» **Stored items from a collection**
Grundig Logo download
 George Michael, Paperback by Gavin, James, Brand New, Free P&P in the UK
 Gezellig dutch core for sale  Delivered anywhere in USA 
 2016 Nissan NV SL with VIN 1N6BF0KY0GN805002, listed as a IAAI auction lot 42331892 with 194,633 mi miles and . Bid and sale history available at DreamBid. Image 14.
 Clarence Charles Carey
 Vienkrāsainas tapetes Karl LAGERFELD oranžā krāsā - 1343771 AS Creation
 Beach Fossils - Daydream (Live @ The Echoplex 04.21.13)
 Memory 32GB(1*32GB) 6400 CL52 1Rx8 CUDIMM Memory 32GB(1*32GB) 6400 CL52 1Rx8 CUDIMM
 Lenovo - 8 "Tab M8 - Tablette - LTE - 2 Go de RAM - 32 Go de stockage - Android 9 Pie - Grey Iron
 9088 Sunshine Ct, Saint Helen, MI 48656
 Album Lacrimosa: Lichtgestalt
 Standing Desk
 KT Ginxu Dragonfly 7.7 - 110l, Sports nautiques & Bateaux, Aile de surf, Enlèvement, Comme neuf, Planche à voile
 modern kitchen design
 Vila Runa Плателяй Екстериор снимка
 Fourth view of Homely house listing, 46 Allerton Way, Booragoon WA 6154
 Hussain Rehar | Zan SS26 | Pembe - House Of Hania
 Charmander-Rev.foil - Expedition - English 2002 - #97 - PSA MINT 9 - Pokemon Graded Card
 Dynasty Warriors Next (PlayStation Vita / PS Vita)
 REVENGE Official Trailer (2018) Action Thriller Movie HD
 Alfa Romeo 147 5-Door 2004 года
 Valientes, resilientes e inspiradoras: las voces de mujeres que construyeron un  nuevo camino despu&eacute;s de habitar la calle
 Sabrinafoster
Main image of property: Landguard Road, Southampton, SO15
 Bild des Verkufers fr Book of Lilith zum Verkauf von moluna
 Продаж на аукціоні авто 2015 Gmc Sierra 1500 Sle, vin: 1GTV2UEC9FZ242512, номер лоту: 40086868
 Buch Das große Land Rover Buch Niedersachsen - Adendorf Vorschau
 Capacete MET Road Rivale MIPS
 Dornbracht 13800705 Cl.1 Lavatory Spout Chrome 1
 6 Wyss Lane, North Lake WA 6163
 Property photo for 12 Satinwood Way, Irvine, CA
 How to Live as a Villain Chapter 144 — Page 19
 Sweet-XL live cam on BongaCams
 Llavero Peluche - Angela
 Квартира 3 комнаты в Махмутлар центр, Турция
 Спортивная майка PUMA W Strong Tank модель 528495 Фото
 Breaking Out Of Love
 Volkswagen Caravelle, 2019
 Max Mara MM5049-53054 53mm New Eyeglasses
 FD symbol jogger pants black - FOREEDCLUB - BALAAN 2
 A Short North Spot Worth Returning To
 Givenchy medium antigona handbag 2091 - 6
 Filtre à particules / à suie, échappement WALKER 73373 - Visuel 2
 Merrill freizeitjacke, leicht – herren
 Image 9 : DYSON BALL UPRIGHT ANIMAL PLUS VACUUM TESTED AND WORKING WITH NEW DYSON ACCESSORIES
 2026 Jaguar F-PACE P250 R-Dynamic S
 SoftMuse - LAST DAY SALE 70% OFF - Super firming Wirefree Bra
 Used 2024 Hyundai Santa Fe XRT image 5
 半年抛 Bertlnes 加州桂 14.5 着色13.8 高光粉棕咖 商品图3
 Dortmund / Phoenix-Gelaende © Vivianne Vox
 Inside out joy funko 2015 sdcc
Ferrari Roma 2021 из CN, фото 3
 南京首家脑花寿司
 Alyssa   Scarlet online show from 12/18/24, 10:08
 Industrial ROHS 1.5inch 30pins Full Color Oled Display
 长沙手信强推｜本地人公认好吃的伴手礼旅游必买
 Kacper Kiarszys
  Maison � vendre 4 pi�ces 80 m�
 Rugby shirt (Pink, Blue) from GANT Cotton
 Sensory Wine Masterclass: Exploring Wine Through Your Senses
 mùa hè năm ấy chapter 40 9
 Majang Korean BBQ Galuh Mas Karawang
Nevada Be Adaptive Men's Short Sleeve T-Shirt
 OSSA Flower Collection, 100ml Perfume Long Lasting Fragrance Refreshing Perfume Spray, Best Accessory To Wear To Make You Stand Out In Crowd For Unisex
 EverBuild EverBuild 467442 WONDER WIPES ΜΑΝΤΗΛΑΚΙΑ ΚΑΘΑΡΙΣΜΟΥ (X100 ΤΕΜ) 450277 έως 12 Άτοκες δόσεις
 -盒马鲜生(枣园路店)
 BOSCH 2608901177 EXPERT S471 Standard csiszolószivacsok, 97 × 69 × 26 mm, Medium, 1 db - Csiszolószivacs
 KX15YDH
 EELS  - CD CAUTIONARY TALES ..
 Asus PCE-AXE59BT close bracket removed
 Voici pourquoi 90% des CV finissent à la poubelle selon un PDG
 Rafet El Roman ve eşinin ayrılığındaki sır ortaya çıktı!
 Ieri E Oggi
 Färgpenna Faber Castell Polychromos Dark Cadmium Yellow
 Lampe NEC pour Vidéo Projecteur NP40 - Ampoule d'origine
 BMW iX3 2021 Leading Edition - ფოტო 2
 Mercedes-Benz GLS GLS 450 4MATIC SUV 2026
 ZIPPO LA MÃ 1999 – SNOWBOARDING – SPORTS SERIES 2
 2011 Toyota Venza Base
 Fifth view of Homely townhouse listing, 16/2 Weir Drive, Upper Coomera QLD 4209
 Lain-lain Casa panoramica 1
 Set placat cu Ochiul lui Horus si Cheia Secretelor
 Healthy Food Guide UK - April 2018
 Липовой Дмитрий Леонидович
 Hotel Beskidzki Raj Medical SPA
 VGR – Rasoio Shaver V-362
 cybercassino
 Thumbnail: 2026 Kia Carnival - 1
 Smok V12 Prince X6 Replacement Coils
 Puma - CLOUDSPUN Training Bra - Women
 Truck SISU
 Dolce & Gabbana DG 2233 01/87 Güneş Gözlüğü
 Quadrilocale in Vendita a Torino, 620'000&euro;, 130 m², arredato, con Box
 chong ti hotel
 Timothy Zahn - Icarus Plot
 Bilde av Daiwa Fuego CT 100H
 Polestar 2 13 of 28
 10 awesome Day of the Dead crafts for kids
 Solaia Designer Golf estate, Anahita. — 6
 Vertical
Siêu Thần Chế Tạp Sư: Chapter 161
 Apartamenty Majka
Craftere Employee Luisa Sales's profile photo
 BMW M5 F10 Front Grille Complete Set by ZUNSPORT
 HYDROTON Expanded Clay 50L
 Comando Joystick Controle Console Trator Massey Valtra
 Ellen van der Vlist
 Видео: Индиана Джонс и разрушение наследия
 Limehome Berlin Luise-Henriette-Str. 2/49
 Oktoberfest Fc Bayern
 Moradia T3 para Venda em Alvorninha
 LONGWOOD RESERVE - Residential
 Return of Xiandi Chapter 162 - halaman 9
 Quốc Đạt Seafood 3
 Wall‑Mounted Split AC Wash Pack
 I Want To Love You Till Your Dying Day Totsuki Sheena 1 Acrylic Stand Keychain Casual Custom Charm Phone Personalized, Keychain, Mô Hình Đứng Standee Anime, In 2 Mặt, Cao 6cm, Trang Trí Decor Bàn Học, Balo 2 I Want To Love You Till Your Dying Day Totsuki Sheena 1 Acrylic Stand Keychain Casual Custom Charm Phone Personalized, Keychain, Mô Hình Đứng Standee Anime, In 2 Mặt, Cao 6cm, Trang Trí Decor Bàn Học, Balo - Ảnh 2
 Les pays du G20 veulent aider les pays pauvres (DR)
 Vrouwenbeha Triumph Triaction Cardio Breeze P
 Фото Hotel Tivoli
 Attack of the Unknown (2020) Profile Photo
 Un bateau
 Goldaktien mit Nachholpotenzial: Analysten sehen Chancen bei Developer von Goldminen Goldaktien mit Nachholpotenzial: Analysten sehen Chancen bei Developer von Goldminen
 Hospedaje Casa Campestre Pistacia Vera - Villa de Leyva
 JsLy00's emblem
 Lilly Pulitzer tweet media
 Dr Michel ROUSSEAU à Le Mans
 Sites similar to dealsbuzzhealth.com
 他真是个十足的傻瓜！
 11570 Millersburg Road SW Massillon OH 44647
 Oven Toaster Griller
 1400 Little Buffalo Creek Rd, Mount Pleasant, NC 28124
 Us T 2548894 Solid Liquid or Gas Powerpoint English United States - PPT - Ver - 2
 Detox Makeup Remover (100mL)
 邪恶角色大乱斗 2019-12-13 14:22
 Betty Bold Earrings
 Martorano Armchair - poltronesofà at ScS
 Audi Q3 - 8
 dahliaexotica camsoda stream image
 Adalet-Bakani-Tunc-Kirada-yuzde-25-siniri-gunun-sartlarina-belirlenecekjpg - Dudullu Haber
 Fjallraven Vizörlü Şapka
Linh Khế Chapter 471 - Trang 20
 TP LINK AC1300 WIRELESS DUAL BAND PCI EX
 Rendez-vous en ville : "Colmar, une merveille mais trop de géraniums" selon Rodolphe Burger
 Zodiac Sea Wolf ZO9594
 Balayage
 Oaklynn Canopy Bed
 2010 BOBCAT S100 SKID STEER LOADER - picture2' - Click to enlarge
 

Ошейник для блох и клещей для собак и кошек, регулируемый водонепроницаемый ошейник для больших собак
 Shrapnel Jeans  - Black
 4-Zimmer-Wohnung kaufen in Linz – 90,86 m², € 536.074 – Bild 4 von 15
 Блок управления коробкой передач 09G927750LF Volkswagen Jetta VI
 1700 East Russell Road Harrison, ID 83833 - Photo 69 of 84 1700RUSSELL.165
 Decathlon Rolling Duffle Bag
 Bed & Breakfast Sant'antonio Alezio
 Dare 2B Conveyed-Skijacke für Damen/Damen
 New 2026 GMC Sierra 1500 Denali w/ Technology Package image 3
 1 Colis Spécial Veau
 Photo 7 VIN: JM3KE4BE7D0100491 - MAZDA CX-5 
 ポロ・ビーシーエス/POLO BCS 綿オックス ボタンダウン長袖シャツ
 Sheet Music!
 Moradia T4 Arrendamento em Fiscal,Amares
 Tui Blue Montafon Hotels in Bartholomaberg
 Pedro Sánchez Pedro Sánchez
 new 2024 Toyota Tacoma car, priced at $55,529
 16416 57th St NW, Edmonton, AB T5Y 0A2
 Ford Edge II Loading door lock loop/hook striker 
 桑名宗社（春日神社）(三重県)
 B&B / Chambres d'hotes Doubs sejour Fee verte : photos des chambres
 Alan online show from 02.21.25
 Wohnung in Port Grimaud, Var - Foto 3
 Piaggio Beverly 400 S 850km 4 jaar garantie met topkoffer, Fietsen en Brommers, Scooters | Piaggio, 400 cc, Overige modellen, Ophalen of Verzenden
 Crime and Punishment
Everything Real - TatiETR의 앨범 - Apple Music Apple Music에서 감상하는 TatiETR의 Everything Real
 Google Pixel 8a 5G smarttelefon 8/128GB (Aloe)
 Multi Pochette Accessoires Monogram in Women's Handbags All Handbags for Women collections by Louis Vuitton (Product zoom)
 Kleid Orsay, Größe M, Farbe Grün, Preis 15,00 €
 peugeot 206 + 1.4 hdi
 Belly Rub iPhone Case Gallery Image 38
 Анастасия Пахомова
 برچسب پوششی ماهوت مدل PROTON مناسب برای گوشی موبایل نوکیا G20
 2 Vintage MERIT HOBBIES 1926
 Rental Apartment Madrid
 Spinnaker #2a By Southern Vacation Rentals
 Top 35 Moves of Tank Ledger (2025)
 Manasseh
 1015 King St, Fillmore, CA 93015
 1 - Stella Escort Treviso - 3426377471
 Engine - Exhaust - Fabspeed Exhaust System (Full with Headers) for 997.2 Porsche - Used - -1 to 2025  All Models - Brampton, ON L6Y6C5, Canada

» **What needs to be done**
Could you return exactly the lines above from the line with "9088 Sunshine Ct, Saint Helen, MI 48656" to the line with "Vila Runa Плателяй Екстериор снимка", both included, and nothing else?

» **Expected answer**
 9088 Sunshine Ct, Saint Helen, MI 48656
 Album Lacrimosa: Lichtgestalt
 Standing Desk
 KT Ginxu Dragonfly 7.7 - 110l, Sports nautiques & Bateaux, Aile de surf, Enlèvement, Comme neuf, Planche à voile
 modern kitchen design
 Vila Runa Плателяй Екстериор снимка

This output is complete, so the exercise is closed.